Sunday, 1 April 2012

Giallo


The giallo genre originated in Italian literature where cheap crime novels with supernatural (and often erotic) elements were produced as cheap paperbacks. The word ‘giallo’ is Italian for yellow – the trademark background colour of the books’ covers. For Italian film audiences the term became a catch-all phrase used to describe the all thrillers – but rapidly became a sub-genre of its own. Characterised by gruesome murder sequences and stylish visuals, the theatrical and stylised movies reached their high-watermark in the 1970s – and at the forefront of the movement was Dario Argento. Films like Cat O’Nine Tails and Suspiria proved hugely influential – Darren Aronofsky’s Black Swan is a clear homage to such pictures. Now, following legal wrangling with star Adrien Brody over pay, Argento’s return to the genre will be released on DVD for the first time.

Set, unsurprisingly, in Italy, the film concerns the hunt for Celine (Elsa Pataky), a model who’s been abducted by a serial killer.

Leading the investigation is Italian-American detective Enzo (Adrien Brody) alongside her sister, Linda (Emmanuelle Segnier). Known only as ‘Yellow’, the killer’s modus operandi is to kidnap beautiful foreign females in his unlicensed taxi before drugging, mutilating and murdering them.

Will Enzo and Linda manage to locate Celine before she becomes another of the killer’s fatalities?

Rarely has a horror movie relied so heavily on stereotypes and clichés. Giallo contains not one single original idea, seeming to hope instead that its association with big names like Argento and Brody, as well as proven talent like Segnier, will elevate it above the competition. Sadly, each of the aforementioned individuals fails to raise their game appropriately.

The acting across the board is dubious. Pataky is required to do little other than scream and shout, whilst Segnier looks harassed and bedraggled and little else. It would be churlish to criticise them for this: there is no sense that either Argento or the film’s writers have made any attempt to craft rounded characters – they merely serve the flimsy plot.

Although a ‘twist’ is not a prerequisite for a horror film, audiences have clearly come to expect one. Giallo fails to deliver in a completely linear narrative. The riddle of the kidnapper’s identity and whereabouts (such as they are) are resolved in one blink-and-you’ll-miss-it moment and the action gets no more interesting after that. Arguably, this can be attributed to the decision to introduce the audience to the villain very early in the piece.

Almost from the outset, ‘Yellow’ is seen on screen, initially as a hooded reflection in a rear-view mirror, but soon afterwards in full frontal. Despite being a mass-murdering sociopath, it’s difficult not to laugh at his very presence. Very clearly played by Adrien Brody (despite being credited as Byron Deidra), he hobbles around the set mouthing threats in a hilariously bad Italian accent. His skin is literally yellow – an affliction explained through a torturously hackneyed back-story – and his face looks like a particularly unthreatening Bo Selecta mask. It’s impossible to take him seriously – not least when he’s seen sucking a child’s dummy.

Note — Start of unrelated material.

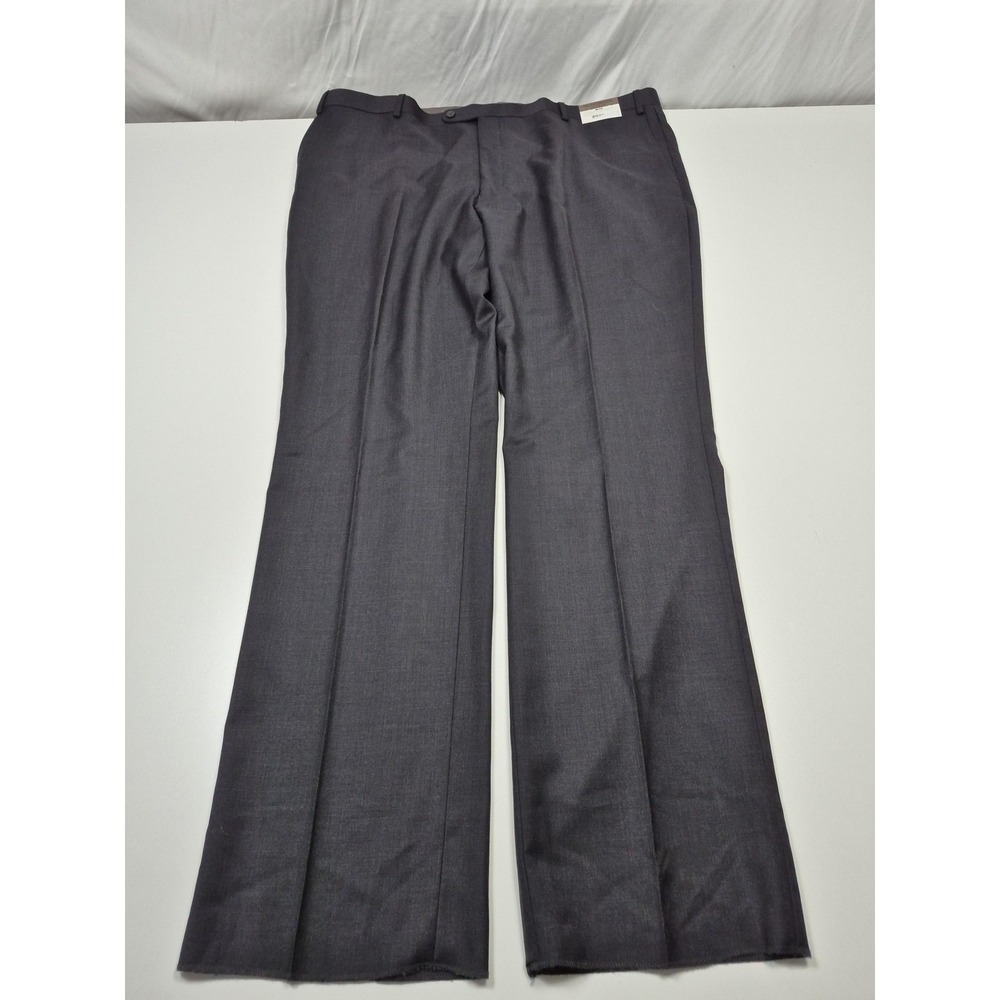 Prontomoda Wool Pants Mens 46x36 Gray Super 140s Dress Flat Front Unhemmed NWT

Brody is barely any better in his larger role as the noirish detective. He phones in his performance as the jaded cop so half-heartedly that it’s little wonder people were reluctant to pay him for his role in proceedings. It’s a real shame, as the opportunity to play two conflicting parts would be attacked with relish by most actors. But again, some of the blame for this must lie with the writers who completely fail to capitalise on the interesting notion that the policeman and the kidnapper are two halves of the same coin. It is an idea which is explored to a degree, but it never goes far enough and seems like an afterthought rather than a key plot-point.

With little beneath the surface, the action is extremely superficial. Thankfully it zips along to the predictable conclusion fairly speedily. Occasional graphically violent episodes punctuate the plot – and these vary greatly in their quality. Some are genuinely shocking, others shockingly bad. There also seems to be a preoccupation with ejaculation as the killer towers over Celine watching her blood pumping from her severed finger as he squirts anaesthetic from a syringe. As with many of the themes touched upon here, the killer’s sexual interest in the girls he kills is only partially explored – yet another strand which might have been expanded on rather than trying to jam every hoary old cliché into ninety minutes of action.

Giallo is a hugely flawed movie. With an unconvincing pantomime villain at its heart and a series of one dimensional characters making up the numbers, Argento needed a strong storyline or some original ideas to carry the movie. Instead, he throws every cliché in the book at his production in the hope that some of it sticks – it just makes a mess. Better writing and a more focused figure at the helm might have rescued a half-decent film from the footage on display. Brody will be breathing a sigh of relief that Giallo never made it to the cinema.